POSSIBLE cuts to social services in Redbridge have been condemned by a woman who fought for care for her disabled brother.

Helen Coughlan questioned why adult social services always bears the brunt of such cuts from local authorities.

Her criticism comes as Redbridge Council is looking at options to save more than £4 million this year, with more than £1 million potentially being saved in the adult social services and health portfolio.

Mrs Coughlan managed to get her severely disabled brother, Matthew Brook, moved to a specialist disability clinic last summer.

Mr Brook, formerly of Roding Lane North, Woodford Bridge, is deaf and almost totally blind with deformed feet and a life-threatening skin condition.

His elderly mother was unable to care for him and, after his care package was cut in 2008, his family were forced to abandon him, leaving him in Ilford's King George Hospital.

Last year Mrs Coughlan, with help from the Guardian, managed to find her brother a new home at The Chase specialist disability clinic in Forest Gate.

Mrs Coughlan, of Roding Lane North, Woodford Bridge, feels the council needs to put more money into adult social services, not less.

She said: "I can't see how Redbridge Council can make more cuts without putting people's lives at risk.

"Why is it always adult social services that is hit and not children? Often adults have less back up than children who may have the care of parents up until the age of 18."

Out of all the areas where the council is proposing to reduce spending, adult social services is likely to be the hardest hit.

Figures councillors have looked at show £209,000 could be saved this year in staff reductions, £119,000 could be saved in a reduction in mental health accommodation and day care services, £213,000 could be saved through a reduction in service levels and a huge £505,000 could be saved through a reduction in the supplies and services budget - which covers reducing items including stationery, computer supplies, printing and catering.

Steve McIntosh, policy and public affairs officers for Carers UK, urged local authorities to think long and hard before making severe cuts to social services.
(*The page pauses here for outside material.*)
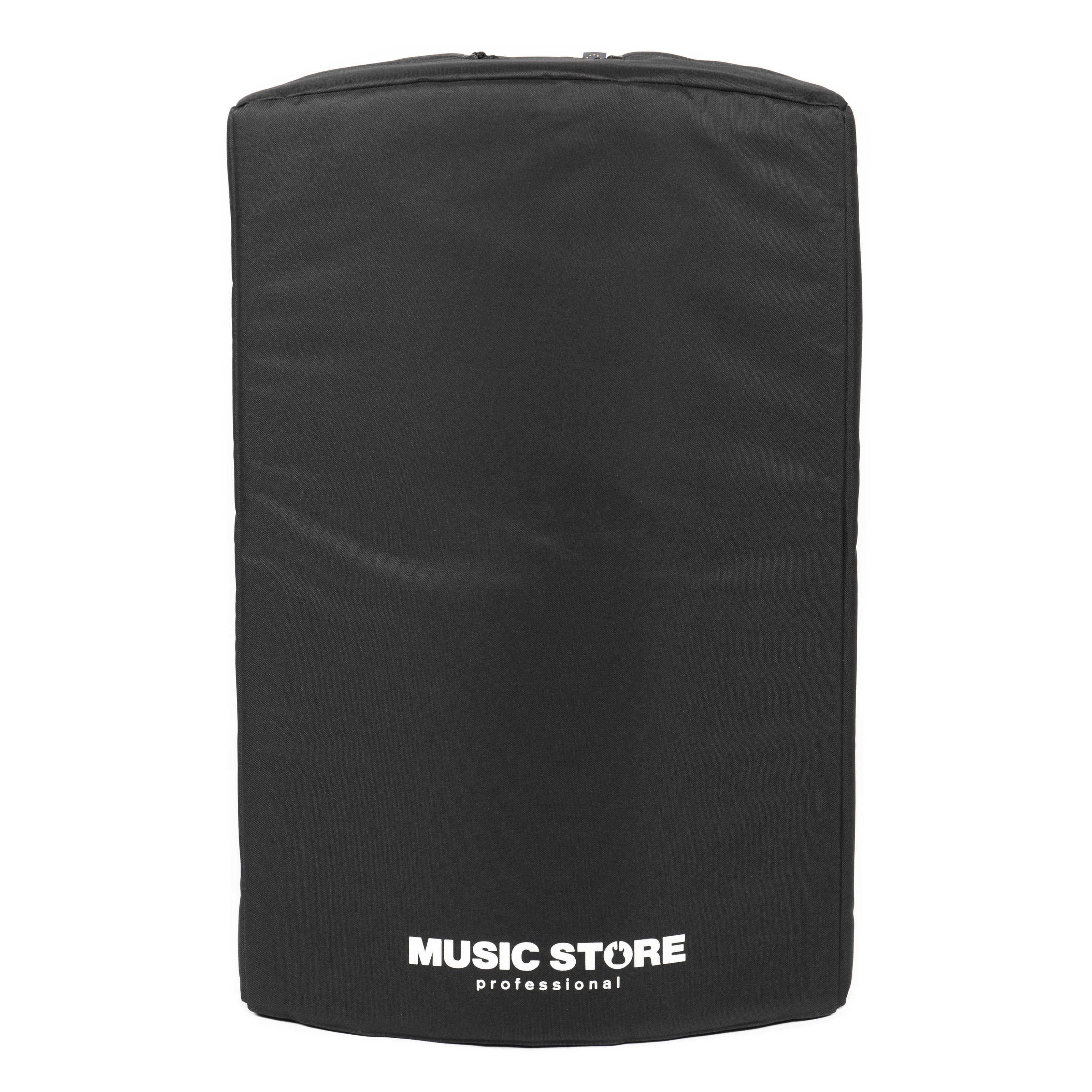 MUSIC STORE Lautsprecher-Hülle, Schutzhülle für Fame Audio Lautsprecher, wasserabweisende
He said: "We know that around three quarters of carers have reached breaking point already and our fear is that carers will fall into ill health and not be able to cope without support.

"We would call for long term decisions, mature decisions to ensure that services are sustained as a priority, otherwise health organisations and the NHS will suffer as a consequence."

Ian Bond, deputy leader of Redbridge Council, said a meeting last week with fellow Lib Dem members of the council was "positive and productive".

He said there were "no strong disagreements" over which of the savings options he and his colleagues preferred but it would be "wrong to say a final position was reached" as wider consultation will start next month.

Mr Bond said Conservative group members had discussed the savings options and he and council leader Keith Prince outlined the options to Labour group members earlier this week.

Keith Prince, leader of Redbridge Council, said the social services budget is the biggest unprotected budget the council has.

He said education is the largest budget within the authority but majority of the money "comes in the door and goes straight out again".

He said: "It was always going to be one of the areas we would have to look at but a 10 per cent saving in adult social services amounts to about half of the entire leisure disposable income.

"Although leisure is not obviously life saving you could argue that it is in the long run and lots of people use our libraries, swimming pool and theatre, it affects far more people's lives.

"However, we have an absolute commitment to our frail and elderly and we give a high standard when it comes to care in the borough and we will continue to support our carers and social workers."